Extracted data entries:

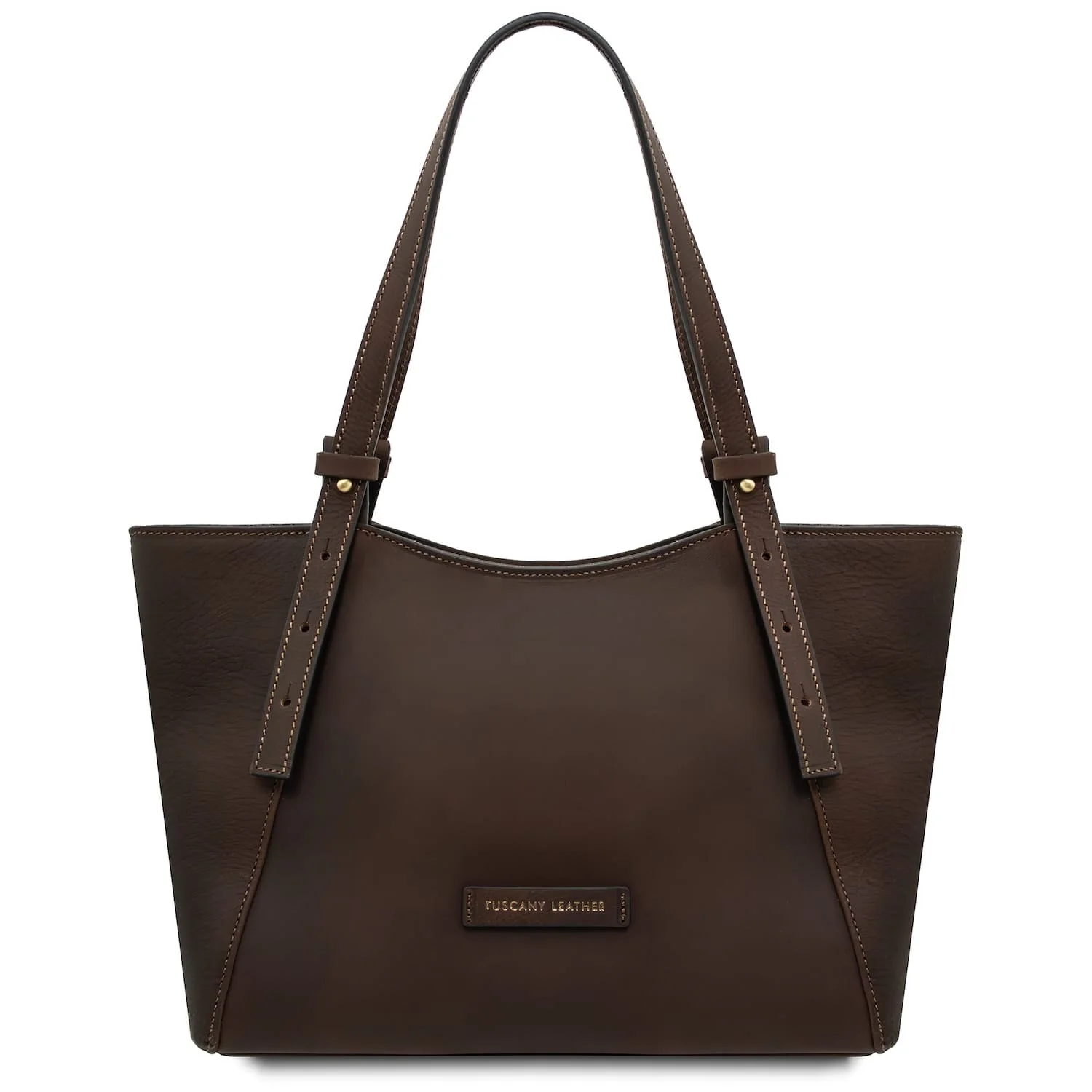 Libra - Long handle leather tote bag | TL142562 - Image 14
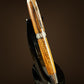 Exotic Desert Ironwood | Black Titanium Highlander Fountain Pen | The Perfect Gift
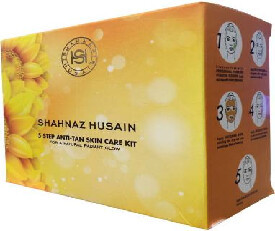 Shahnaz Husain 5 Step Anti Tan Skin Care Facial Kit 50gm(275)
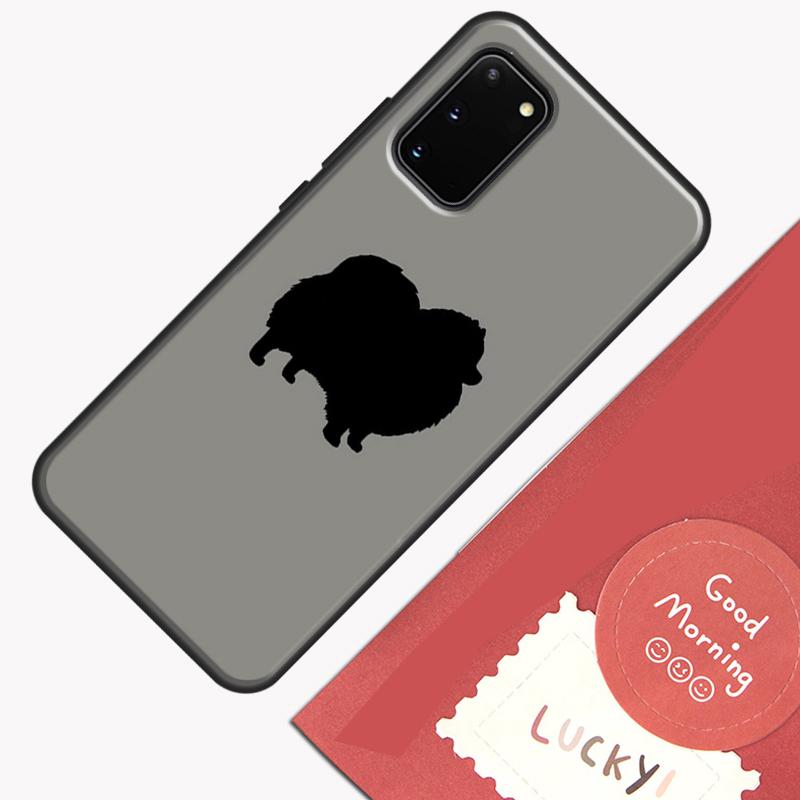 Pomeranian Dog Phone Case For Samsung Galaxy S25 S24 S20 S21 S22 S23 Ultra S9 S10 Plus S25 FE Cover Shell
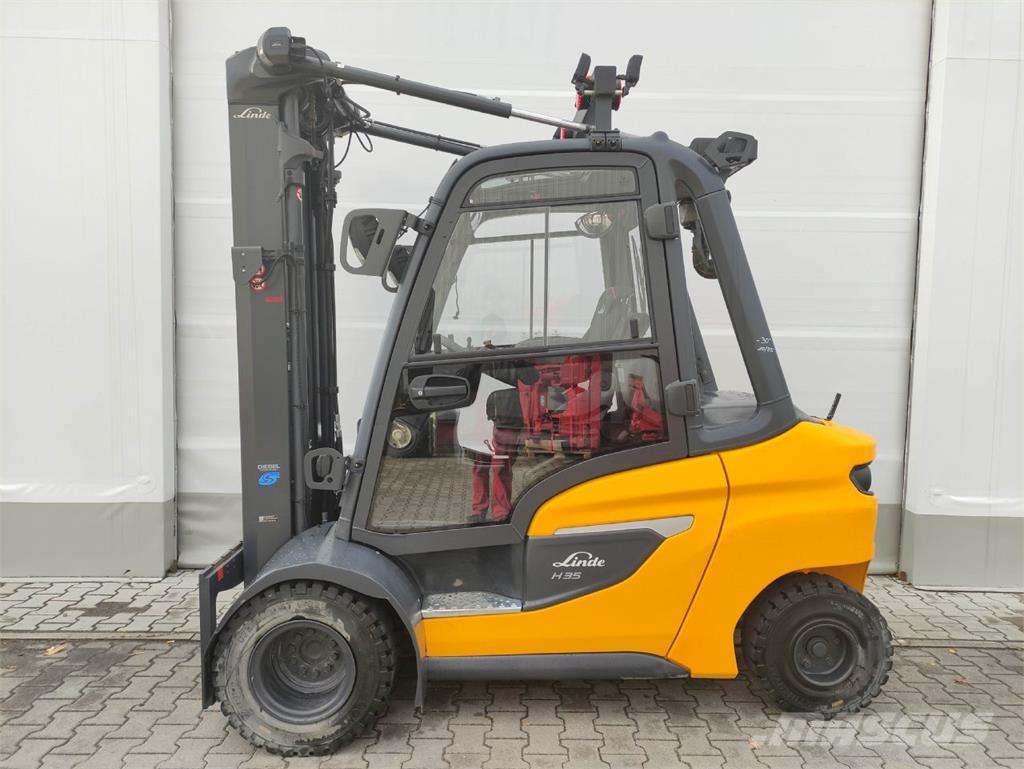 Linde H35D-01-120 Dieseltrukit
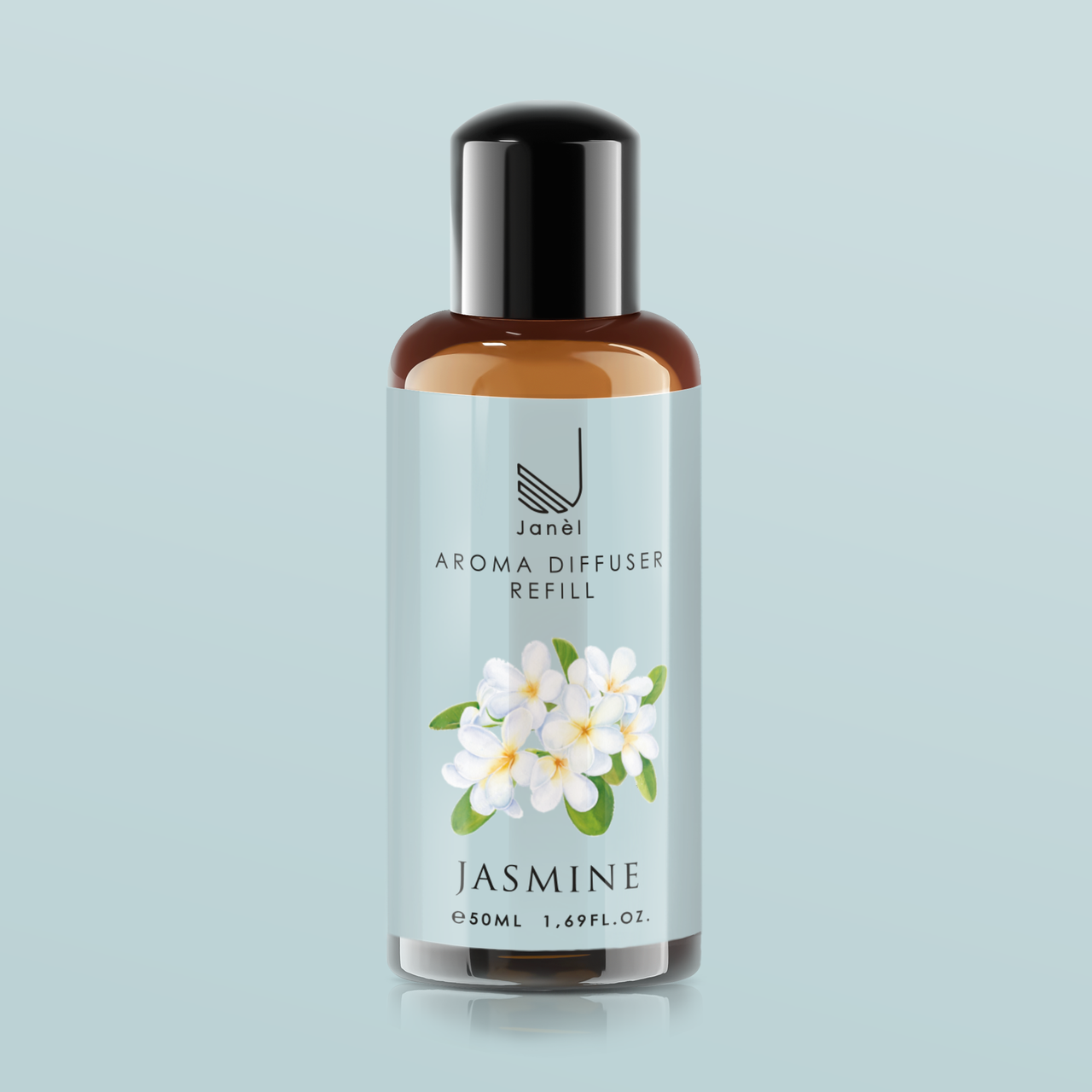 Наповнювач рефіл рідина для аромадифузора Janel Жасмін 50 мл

# EXERCISE GOAL
Reproduce the lines from the line containing "Exotic Desert Ironwood" through the end of the records above, exactly and inclusively, omitting pictures.

# SOLUTION
 Exotic Desert Ironwood | Black Titanium Highlander Fountain Pen | The Perfect Gift
 Shahnaz Husain 5 Step Anti Tan Skin Care Facial Kit 50gm(275)
 Pomeranian Dog Phone Case For Samsung Galaxy S25 S24 S20 S21 S22 S23 Ultra S9 S10 Plus S25 FE Cover Shell
 Linde H35D-01-120 Dieseltrukit
 Наповнювач рефіл рідина для аромадифузора Janel Жасмін 50 мл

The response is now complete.